Genethon relies on the help of many experts.
For example :
|Director of Research, Head of Inserm Unit 951
Anne Galy, Ph.D.
Anne Galy heads an INSERM Research Group at Genethon, as well as a hematopoietic gene therapy translational program. She is qualified in pharmacy and received her doctorate in Immunology from Université de Lyon (1989). She worked in the USA biotech sector in Palo Alto (California) before becoming a Professor of Immunology at the School of Medicine and at the Karmanos Cancer Institute at the Wayne State University in Detroit, Michigan. In 2001, she joined INSERM as a Research Director. She currently runs INSERM Unit 951 at Genethon, which has links with Université d’Evry Val d’Essonne and the Ecole Pratique des Hautes Etudes. This research laboratory develops innovative treatments for diseases of the immune system and blood, and is particularly interested in mechanisms for immunization by viral gene transfer. Anne Galy has published more than 90 articles in international scientific journals.
Isabelle Richard, Ph.D.
Isabelle Richard joined Genethon in 1996 and heads a research group which is developing innovative muscular dystrophy treatments and investigating genetics and the physiopathological mechanisms of genetically-inherited diseases.
She is also in charge of a translational muscular gene therapy program.
She is Director of Research at the CNRS, and obtained her PhD in Human Genetics from Université de Paris 7 (1996).
She is taking part in a European project called NMD-chip and has had 110 articles published in international scientific journals.
Anna Buj-Bello, Ph.D.
Ana Buj Bello heads a research team at Genethon working on neuromuscular diseases, as well as a translational program investigating gene therapy for the treatment of myotubular myopathy. She received her degree in Medicine and Surgery from the University of Lleida, Spain, and a PhD in Neurosciences from the University of St Andrews (Great Britain). She also obtained a diploma in Myology from the University of Pierre et Marie Curie, France. Having done a post-doctorate at the Institut de Génétique et Biologie Moléculaire et Cellulaire (IGBMC), Illkirch, where she worked for several years on the pathophysiology of myotubular myopathy, she joined the INSERM in 2004 and has worked at Genethon since 2009. Ana Buj Bello has published about 40 articles in international scientific journals and received the 2015 Outstanding New Investigator Award from the American Society of Gene & Cell Therapy (ASGCT).

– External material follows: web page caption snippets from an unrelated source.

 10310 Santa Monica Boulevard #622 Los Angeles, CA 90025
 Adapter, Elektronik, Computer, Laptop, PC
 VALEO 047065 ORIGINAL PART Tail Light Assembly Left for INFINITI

|Head of Applied Vector Studies
Otto-Wilhelm MERTEN, Ph.D.
Otto-Wilhelm Merten joined Genethon in 1997 and is currently in charge of the Applied Vector Studies group which helps innovate and optimize vector production. A Doctor of Biotechnology (Vienna, Austria), he has worked at the Institut Pasteur (Paris, France) as well as at the Sandoz Research Institute (Vienna, Austria). He has helped develop virus production processes, first for vaccination (influenza, poliomyelitis, rabies), and them for treatment applications. Otto-Wilhelm Merten has had 112 articles published in international scientifc journals and is Editor in Chief of Cytotechnology. He has also been a member of the ESACT (European Society for Animal Cell Technology) Executive Committee for 16 years (including four years as President from 2001 to 2005).
Federico MINGOZZI, Ph.D.
Federico Mingozzi heads a research group at Genethon which is working on the development of liver-targeted gene therapies for inherited diseases and on the characterization of immunity and tolerance in gene transfer. He is also Associate Professor at the University Pierre and Marie Curie in Paris.

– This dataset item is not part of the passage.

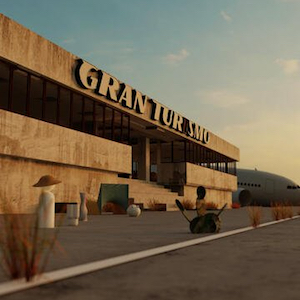 Gran Turismo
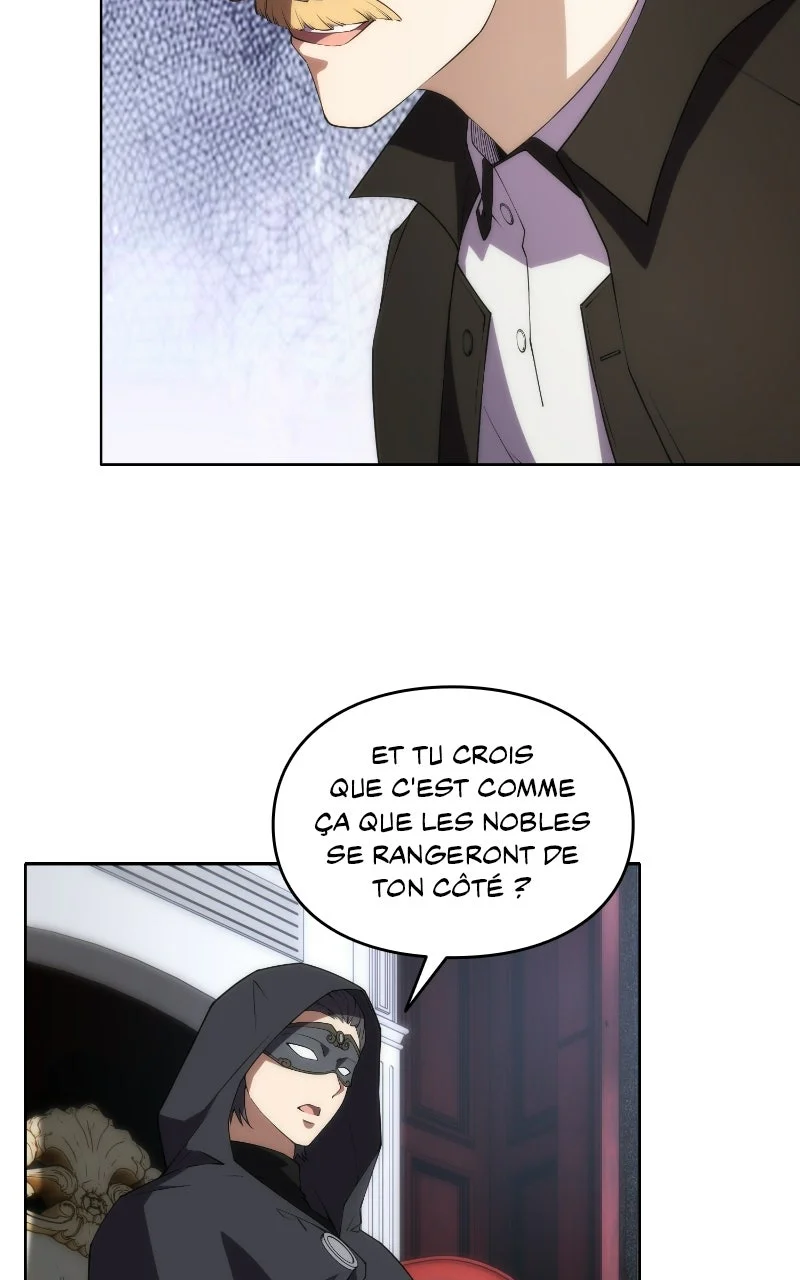 Je vais industrialiser ce monde magique Chapitre 10 - Page 26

He received his Biology degree and Ph.D. In Biochemistry and Molecular Biology from the University of Ferrara, Italy. He also obtained a Master in Business Administration from Drexel University, United States. He spent over ten years in the United States at the Children’s Hospital of Philadelphia and University of Pennsylvania where he was involved in the early development of gene therapies based on the adeno-associated virus (AAV) vector platform. In his research, he characterized the mechanisms of immune tolerance induction mediated by AAV vector liver gene transfer. More recently he focused on the clinical development of AAV vector-based gene therapies for inherited diseases and on the study of immune responses directed against AAV vectors in human trials. He contributed to several first-in-human AAV gene transfer clinical trials for indications including hemophilia B, Leber’s Congenital Amaurosis, and lipoprotein lipase deficiency. He contributed to about 80 publications, including original research articles, reviews and commentaries, and book chapters.